Aphorisms by Aleksandar Krzavac
Posted on November 12, 2007
Filed Under Aphorisms | 5 Comments
More proof, if such were needed, that the Balkans is one of the world’s aphoristic hot spots. Aleksandar Krzavac is a Serbian journalist, illustrator and playwright. He is the author of the satirical play Ludi I Zbunjeni (Crazed and Confused People), and his cartoons (sometimes erotic) have appeared widely in Serbian newspapers and magazines. Like a lot of Balkan aphorisms, Krzavac’s sayings are highly sarcastic, highly political, and highly amusing. Without a solid grounding in recent Balkan history, though, a lot of them go right over your head. “Most of my almost 2,000 aphorisms are not translatable,” Krzavac says, “or do not fit the Anglo-Saxon temperament and way of thinking.” The aphorisms that are translatable are well worth a read, and well-suited to every temperament.
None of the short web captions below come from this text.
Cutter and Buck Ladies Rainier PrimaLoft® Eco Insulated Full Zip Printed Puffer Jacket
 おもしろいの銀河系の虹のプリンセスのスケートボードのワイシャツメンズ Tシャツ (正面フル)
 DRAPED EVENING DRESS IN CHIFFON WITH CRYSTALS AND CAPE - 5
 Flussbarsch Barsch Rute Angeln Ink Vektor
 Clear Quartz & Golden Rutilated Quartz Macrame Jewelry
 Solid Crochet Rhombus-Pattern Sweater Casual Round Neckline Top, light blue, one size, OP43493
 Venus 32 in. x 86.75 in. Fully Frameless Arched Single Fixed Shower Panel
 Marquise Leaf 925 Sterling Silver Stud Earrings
A selection:
Even the dead are unequal; some are in mausoleums.
The cult of personality has nothing to do with culture.
Not everything is black, the firefly said while looking at another firefly’s ass.
They say, “You are on the right path.” I think I am at a crossroads.
The revolution that eats its children starves to death.
If size mattered, dinosaurs would rule the world.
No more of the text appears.